--- Problem to work on ---
Required from the data below: the exact lines starting at the line containing "Hudson Baby Cotton" and ending at the line containing "Hair Cutting Cape", with both ends kept and all pictures dropped.

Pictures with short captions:
* * * * * * * * *
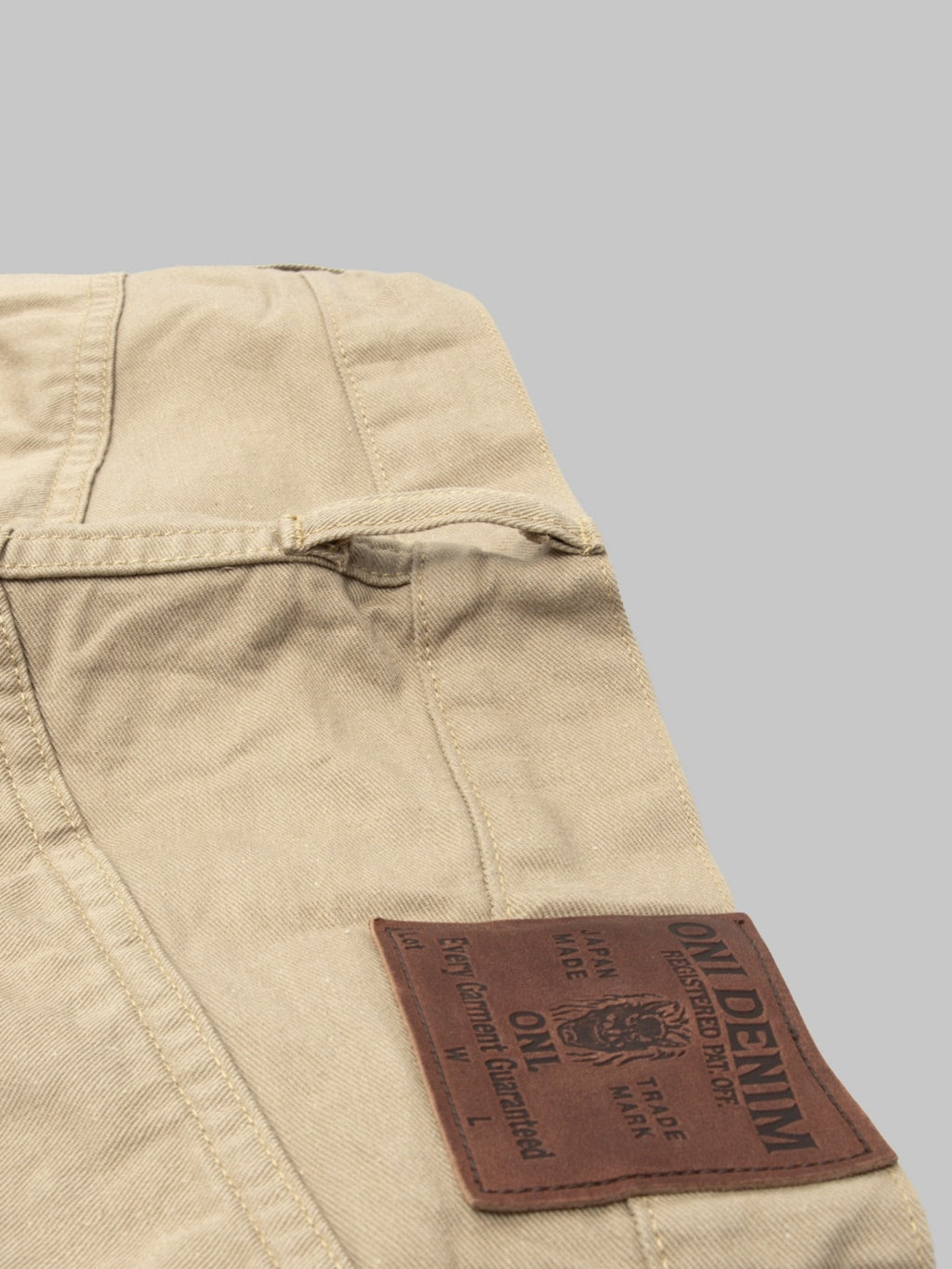 ONI Denim 271-SVCKB Just Right Straight Selvedge Chino Cloth Khaki Beige Jeans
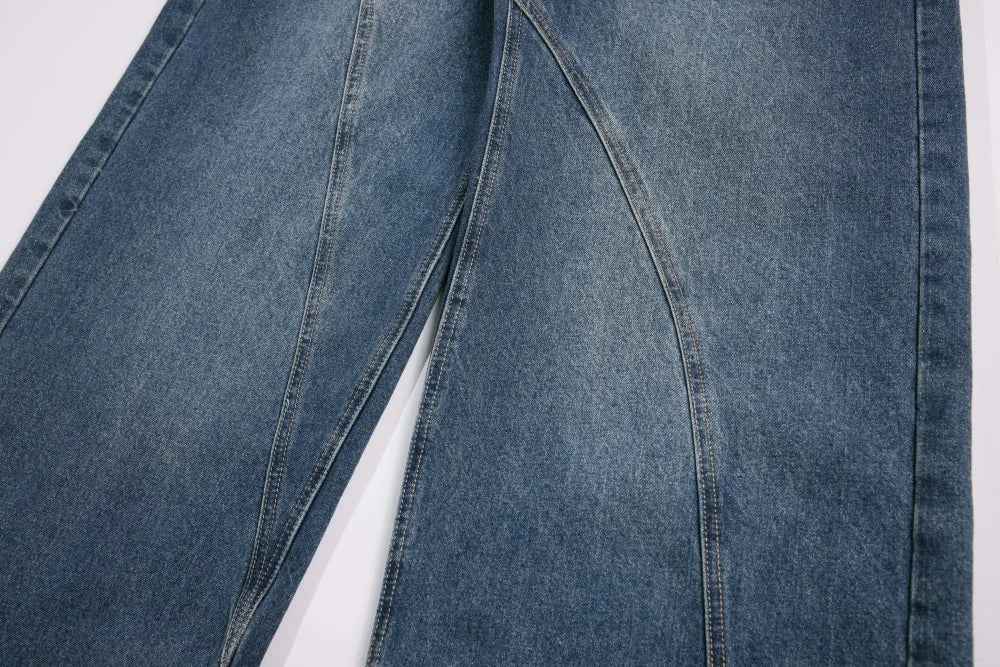 Irregular Distressed Spliced Washed Wide Leg Jeans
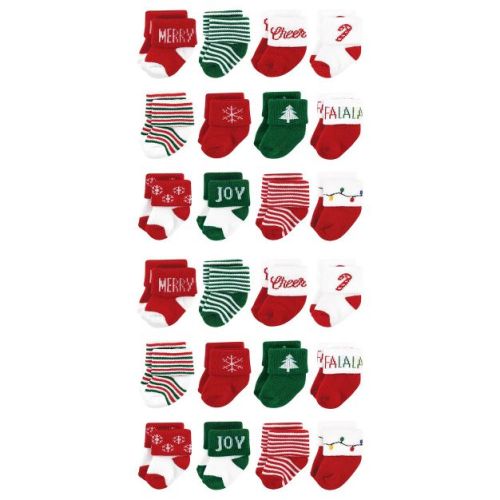 Hudson Baby Cotton Rich Baby Terry Socks 24-Pack, 12 Days Of Christmas Santa, 0-6 Months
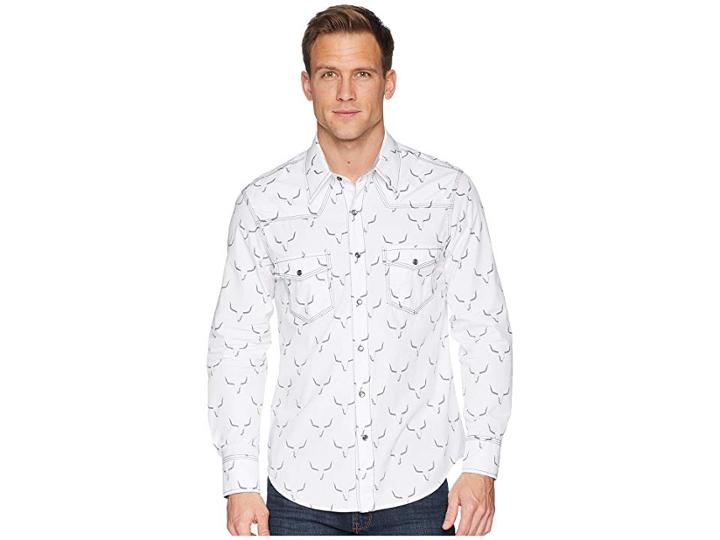 Rock And Roll Cowboy Long Sleeve Snap Print B2s6041 (white) Men's Clothing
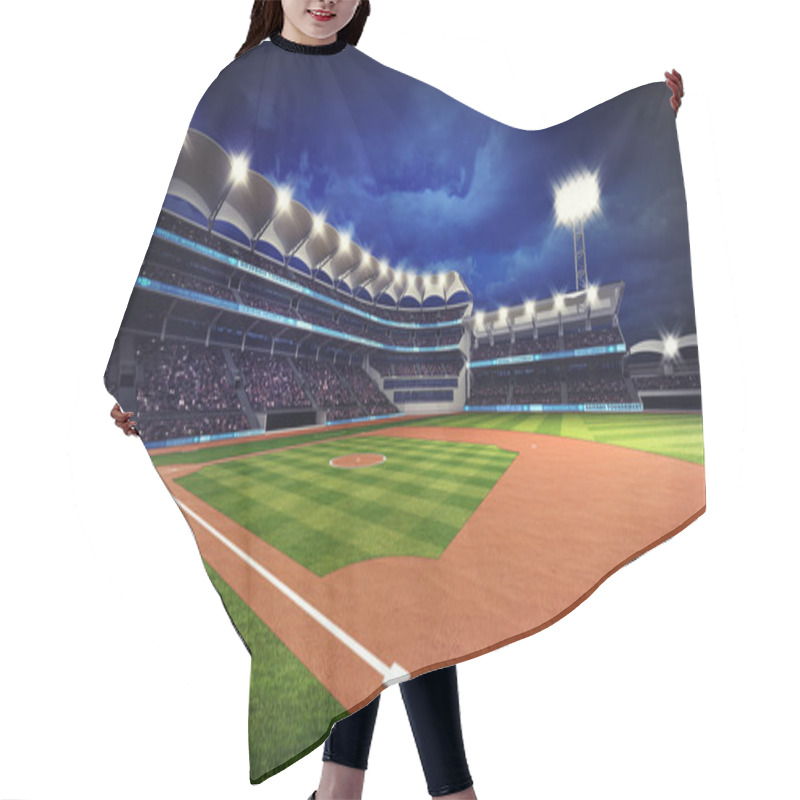 Personality  Illuminated Baseball Stadium With Spectators And Green Grass Hair Cutting Cape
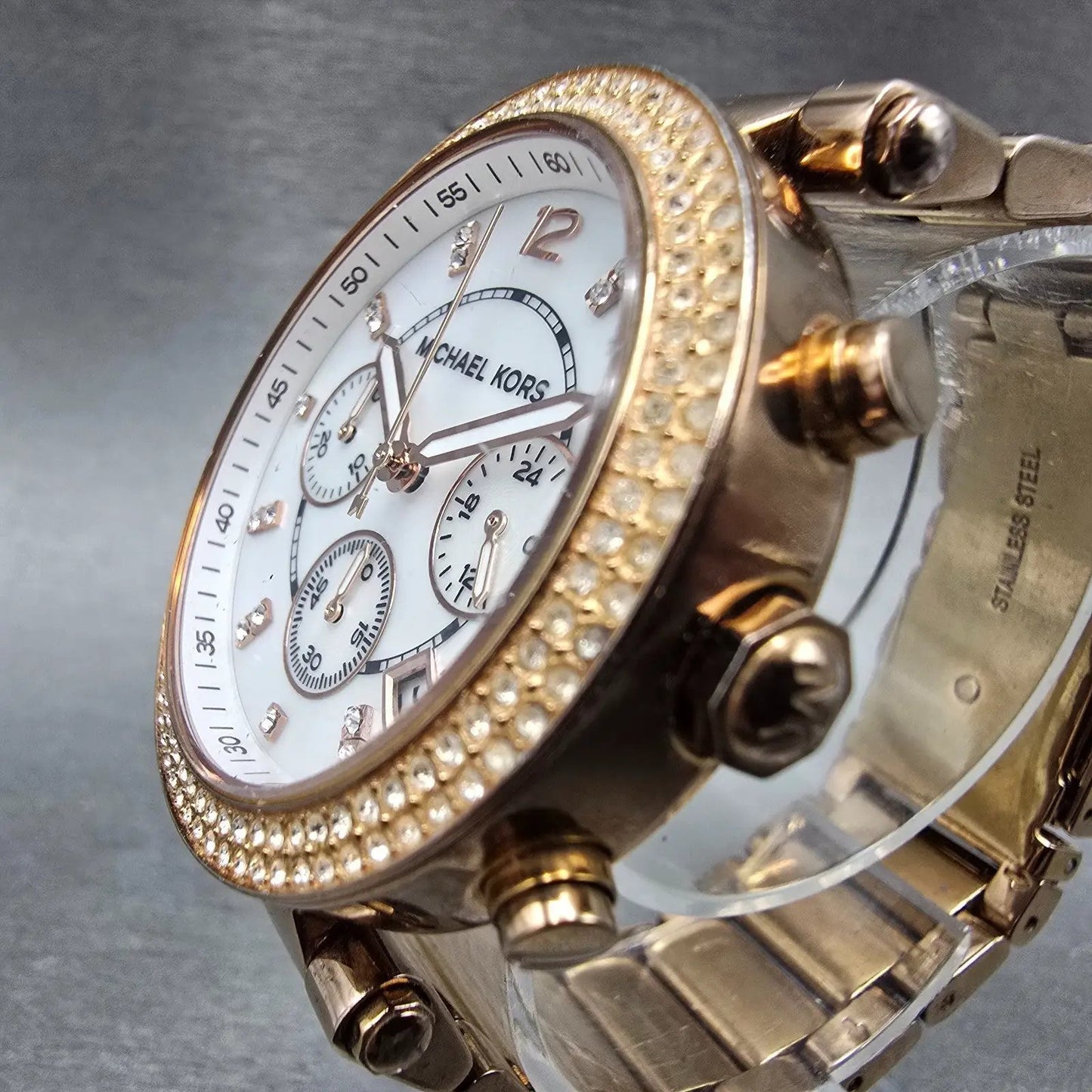Michale Kors Parker Chronograph Watch Women 39mm MOP Dial Rose Gold Tone NewBat2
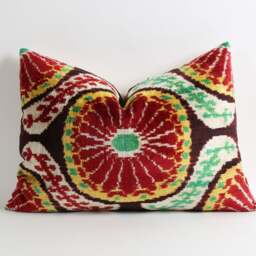 Handwoven Silk Velvet Ikat Cushion Uzbeki Lumbar Pillow - thumbnail 3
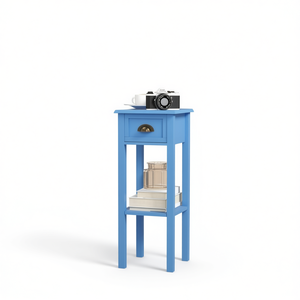 Modern Wood <b>Side</b> Table With Drawer Living Room Furniture Blue Color - Product Image 1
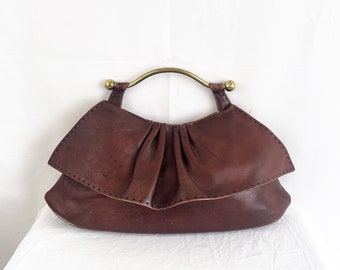 Vintage Leather Guild Greations Unusual Wide Handbag Purse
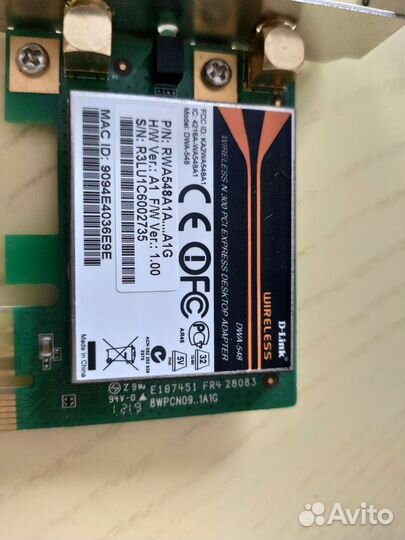 Wifi карта pci x1 (n300) d-link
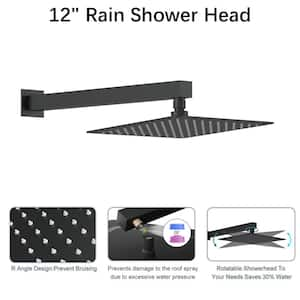 Single-Handle 2-Spray Square High Pressure 12 in. Shower Head with Hand Shower Faucet in Matte Black (Valve Included)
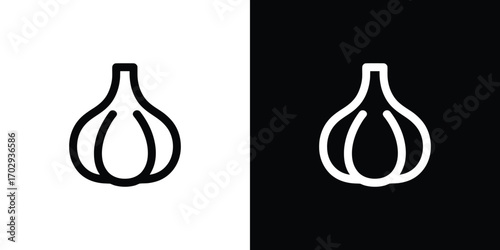 Black and White Garlic Icon Illustration Outlined Vegetable in Contrasting Colors and Backgrounds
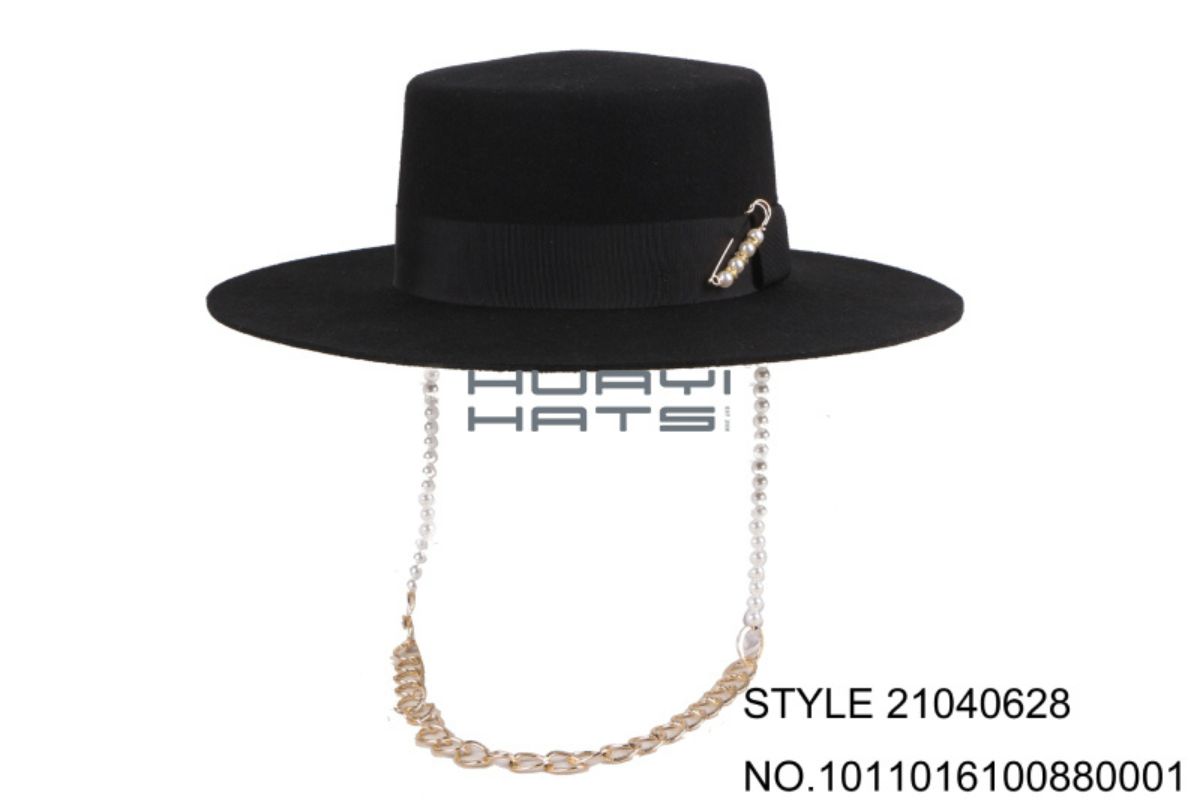 Black Chain-Accent Felt Hat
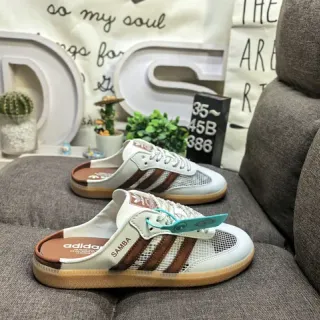 Adidas Samba White Brown Mesh Laceless Mule Lifestyle Sneakers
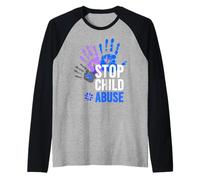 Chemise Anti-abus pour Enfant - Stop Child Abuse Sensibilisation à la prévention de l'abus Manche Raglan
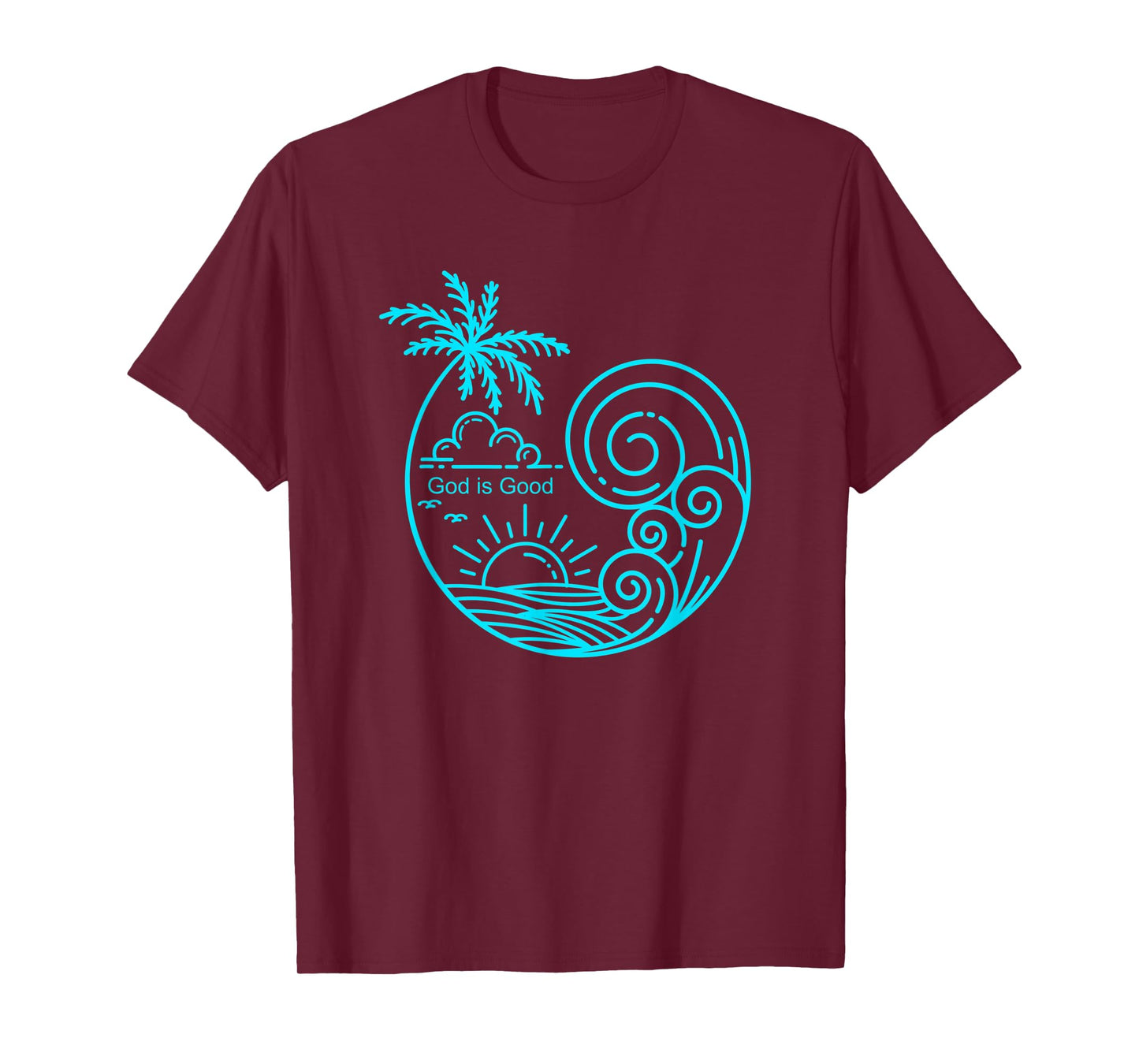 Christian Tropical Wave Beach Line Art Graphic Design T-Shirt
* * * * * * * * *
--- Solution ---
 Hudson Baby Cotton Rich Baby Terry Socks 24-Pack, 12 Days Of Christmas Santa, 0-6 Months
 Rock And Roll Cowboy Long Sleeve Snap Print B2s6041 (white) Men's Clothing
 Personality  Illuminated Baseball Stadium With Spectators And Green Grass Hair Cutting Cape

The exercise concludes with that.